The first movie I watched starring enigmatic Chinese actor Jiang Wen was during a business trip to KL, catching a show at KLCC before my late afternoon flight. In Warriors of Heaven and Earth, he donned a moustache and beard as the charismatic leader Lieutenant Li, in a movie which had great premise but a lousy story to tell. As for Zhao Wei, unless your head was buried in sand, you wouldn't have missed the era in the late 90s where she was bombarding television sets everywhere in her role as Little Sparrow in My Fair Princess Huan Zhu Ge Ge.

So I guess putting them together in a movie made it almost irresistible to not want to pick up this DVD. This was actually a precursor to their Warriors movie where they collaborated again, but in this modern setting, based upon a short story "Adiliya by the River" (what the heck is Adiliya?) by Jin Renshun, they star as a pair of wannabe lovers looking into exploring if they could be together.

Sweeping aside the age gap, this movie is one heck of a mindgame. It's frustrating at times as nothing actually happens, and the lead characters just sit around and talk about stuff absolutely not related to anything at all. Well, at least not directly related to what's happening on hand, but telling stories - we're sitting through a story with characters telling stories, fictional ones which doesn't really add depth to plot, or characterization. It's pretty strange stuff.

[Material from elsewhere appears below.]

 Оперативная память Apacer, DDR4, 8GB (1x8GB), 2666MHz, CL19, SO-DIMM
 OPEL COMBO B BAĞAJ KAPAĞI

And strange are their characters too, with the only realistic moment is the beginning - if you're looking for a stranger in a cafe, and there are two ladies, who would you approach first, the hot one, or the plain looking one? Chen Mingliang (Jiang Wen) went for the jugular, but it was actually Wu Fang (Zhao Wei) who was his blind date. They don't start off well, and continued to bicker. One's become obsessive with her conservatism, while the latter is a serial blind-dater.

But there is more than meets the eye to Wu Fang, and herein lies the guesswork to decipher who she actually was, and the motivations behind what she is doing. You can boil it down to PMS, or to the wall being built around her heart, or to just plain old psychosis. Whatever the case is, it's about persistence and the relentless pursuit of who you like, and on the other side, to spice things up with playing coy, hard to get, and being more of a mysterious enigma.

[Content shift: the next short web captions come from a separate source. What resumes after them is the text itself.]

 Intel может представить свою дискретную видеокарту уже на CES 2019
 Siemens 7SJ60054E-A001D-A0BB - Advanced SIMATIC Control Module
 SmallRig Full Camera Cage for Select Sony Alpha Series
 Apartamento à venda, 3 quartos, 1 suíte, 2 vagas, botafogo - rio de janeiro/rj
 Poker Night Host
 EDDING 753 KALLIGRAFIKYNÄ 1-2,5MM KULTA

Nothing much to take away in less than 90 minutes, except to admire the two lead's ability to act and play off each other, and Christopher Doyle's cinematography (he makes tea leaves in hot water so sexy), which is a bit of a waste in a movie lacking in strength of story. I hate to say this, but the repetitive score is a bit irritating.

Code 9 DVD contains zero extras. The sound was quite bad, with plenty of echo, like speaking in a vast enclosed space. The transfer was bearably decent, but the subtitles seemed to look as if it has its bottom thinly shaved off.